I really don't know if Pittsburgh is a more Catholic place than other eastern or midwestern cities with an industrial past, but because Marrianne's family is Catholic, the city seems to be filled with an awful lot of practicing Catholics, out-of-practice Catholics or definitively ex-Catholics. It followed that Zubik's column, I Am Pro-Life, was a topic of breakfast table discussion, if only briefly.

Marrianne's mom was pretty clear about her own position: Abortion should remain legal and government action should be focussed on reducing teen pregnancy and addressing the social ills (like poverty) that make choosing abortion sometimes seem like the only viable choice for young women. If one could accurately parse the voluminous polling data about abortion, it's likely that Audrey McMullen's position reflects the biggest plurality, if not the majority, of Americans. For all practical purposes, our discussion ended there.

But driving around the Midwest for 1,400 or so miles (our approximate total by the time we get back to D.C.) offers plenty of time for reflection. And I keep thinking about Zubik and wondering how he rationalized writing something so unsurprising, for a Catholic bishop, as "I Am Pro-Life." So far, the only thing I've been able to come up with is this: Zubik is rallying, or at least comforting, the troops.

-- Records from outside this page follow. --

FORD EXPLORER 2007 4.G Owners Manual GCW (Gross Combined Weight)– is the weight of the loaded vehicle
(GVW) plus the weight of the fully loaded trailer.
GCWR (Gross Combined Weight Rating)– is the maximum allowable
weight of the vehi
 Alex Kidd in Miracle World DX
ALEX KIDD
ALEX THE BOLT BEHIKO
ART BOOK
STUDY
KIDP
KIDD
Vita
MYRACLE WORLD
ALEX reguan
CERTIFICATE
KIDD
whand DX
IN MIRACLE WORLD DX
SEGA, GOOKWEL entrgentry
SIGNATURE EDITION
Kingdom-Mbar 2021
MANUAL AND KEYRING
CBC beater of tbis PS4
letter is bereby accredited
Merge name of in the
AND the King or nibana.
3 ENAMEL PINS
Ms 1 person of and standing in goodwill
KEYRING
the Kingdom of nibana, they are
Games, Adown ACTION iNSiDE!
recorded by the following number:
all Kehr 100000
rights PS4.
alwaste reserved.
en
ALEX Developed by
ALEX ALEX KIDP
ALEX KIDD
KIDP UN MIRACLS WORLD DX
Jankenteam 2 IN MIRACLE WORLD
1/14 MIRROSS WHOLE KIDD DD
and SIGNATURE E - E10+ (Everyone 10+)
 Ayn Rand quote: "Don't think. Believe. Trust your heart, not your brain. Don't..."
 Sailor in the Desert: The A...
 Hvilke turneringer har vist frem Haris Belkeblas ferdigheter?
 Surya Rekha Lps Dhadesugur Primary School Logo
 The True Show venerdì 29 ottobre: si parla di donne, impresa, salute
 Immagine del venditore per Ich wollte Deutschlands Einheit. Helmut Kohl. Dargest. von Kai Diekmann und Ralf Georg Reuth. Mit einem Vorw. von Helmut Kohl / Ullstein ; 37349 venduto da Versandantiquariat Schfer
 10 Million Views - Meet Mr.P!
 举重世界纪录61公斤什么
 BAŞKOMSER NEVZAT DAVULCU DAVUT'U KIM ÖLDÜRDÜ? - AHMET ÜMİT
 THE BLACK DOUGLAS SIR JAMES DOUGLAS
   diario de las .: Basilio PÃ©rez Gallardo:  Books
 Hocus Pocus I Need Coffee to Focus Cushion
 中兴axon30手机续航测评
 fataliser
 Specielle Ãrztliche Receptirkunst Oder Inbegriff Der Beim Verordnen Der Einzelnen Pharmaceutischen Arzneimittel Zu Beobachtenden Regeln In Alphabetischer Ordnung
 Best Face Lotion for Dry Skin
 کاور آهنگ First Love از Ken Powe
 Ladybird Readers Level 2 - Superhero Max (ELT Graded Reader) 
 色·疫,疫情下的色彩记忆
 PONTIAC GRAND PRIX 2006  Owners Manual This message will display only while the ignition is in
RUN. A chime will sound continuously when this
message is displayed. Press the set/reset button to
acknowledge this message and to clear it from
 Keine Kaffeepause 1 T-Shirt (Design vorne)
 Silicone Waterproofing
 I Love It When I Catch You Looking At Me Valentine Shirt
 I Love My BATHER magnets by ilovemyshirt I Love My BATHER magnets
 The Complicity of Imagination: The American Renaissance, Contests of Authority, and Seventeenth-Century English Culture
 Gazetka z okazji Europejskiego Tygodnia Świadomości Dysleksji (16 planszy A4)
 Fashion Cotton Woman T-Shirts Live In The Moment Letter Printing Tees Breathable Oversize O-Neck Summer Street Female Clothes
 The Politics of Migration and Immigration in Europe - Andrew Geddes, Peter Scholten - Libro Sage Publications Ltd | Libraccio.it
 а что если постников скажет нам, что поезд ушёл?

After all, the recent murder of abortion provider Dr. George Tiller has provided an opportunity for some pro-choice activists to directly connect the pro-life movement with the extremists who operate on its fringes. One can only assume that some faithful Pittsburgh parishoners have expressed their own doubts and concerns.

Zubik's response is formulaic. Scott Roeder, Tiller's murderer, is a nut-case. And besides that, he hung out with anti-tax and anti-government groups. He is, therefore and quite obviously, not the right sort of pro-lifer. And, anyway, writes Zubik, "pro-life groups were quick to denounce Dr. Tiller's murder and the tragedy that someone would take a life in the name of defending innocent life."

Having carefully defined the pro-life movement to exclude the significant portion that does not condemn Tiller's murder and/or believes the government functions primarily to impose secular values and confiscate property, Zubik moves on. The pro-life movement is based on the "sacredness of life," Zubik says, but was originally marginalized as Catholic and therefore "anti-Catholic prejudice was a card to be played." The pro-life pioneers of the '70s, he seems to be suggesting, displayed uncommon courage through those dark times.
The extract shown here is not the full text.